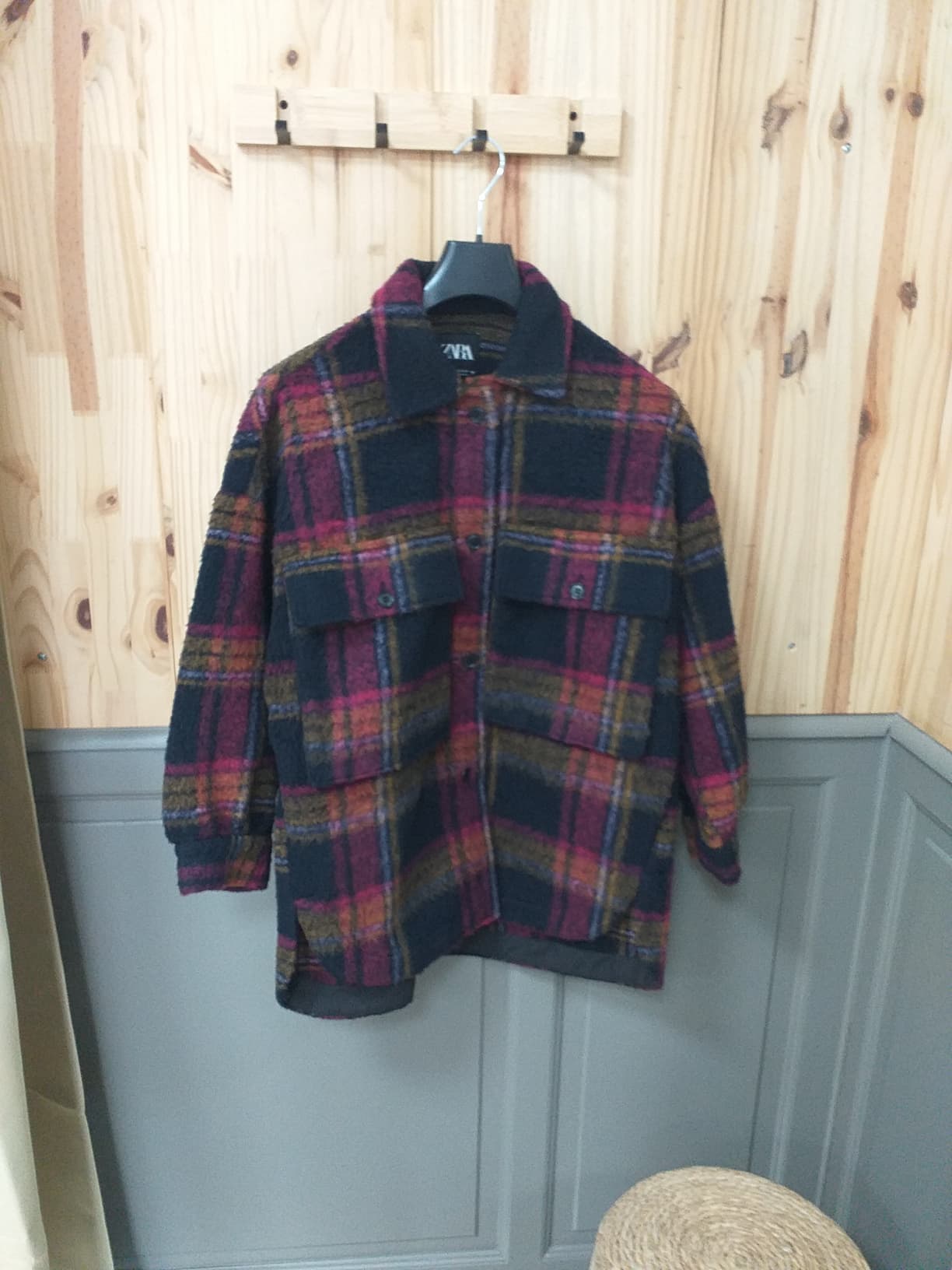 Manteau Laine Mauve Laine Polyester Femme XS-S | Friperie Vintage Seconde Cool Frip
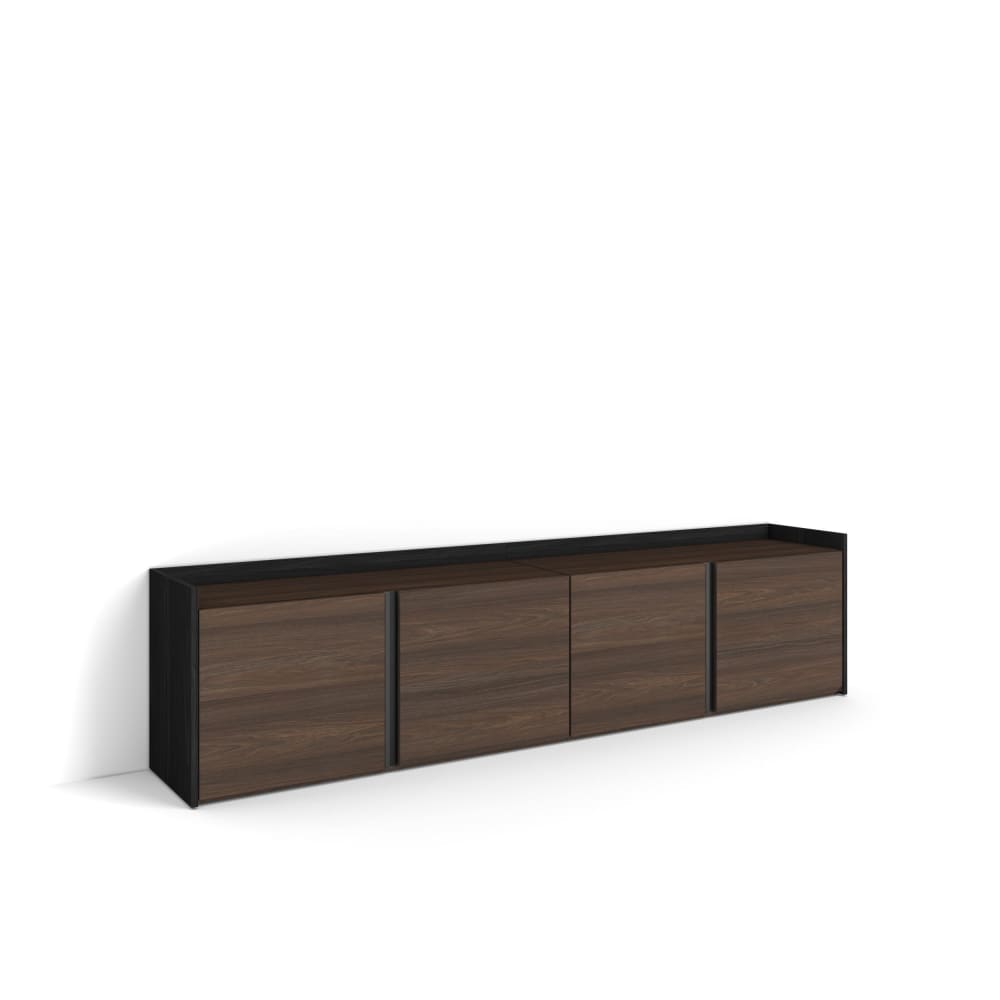 Meuble tv effet bois de chêne foncé et noir 207x35x50cm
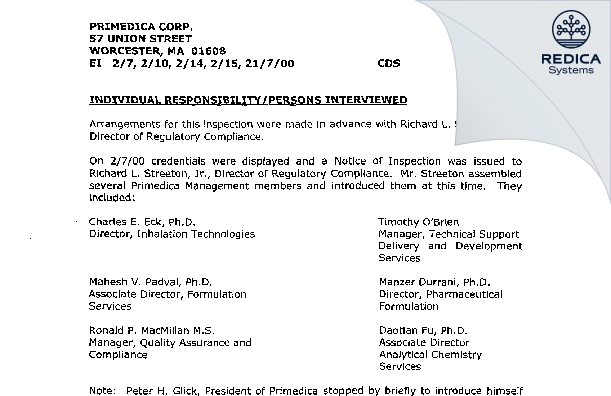 EIR - Charles River Laboratories Preclinical Services [Worcester / United States of America] - Download PDF - Redica Systems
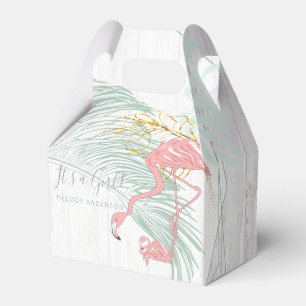 Modern Tropical Leaves Pink Flamingo Baby Shower Favour Box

=-=-=

What you have to do:
From the line containing "EIR - Charles" down to the final line of the material, restate every line word for word, and only those; drop the pictures.

Answer for this exercise:
 EIR - Charles River Laboratories Preclinical Services [Worcester / United States of America] - Download PDF - Redica Systems
 Modern Tropical Leaves Pink Flamingo Baby Shower Favour Box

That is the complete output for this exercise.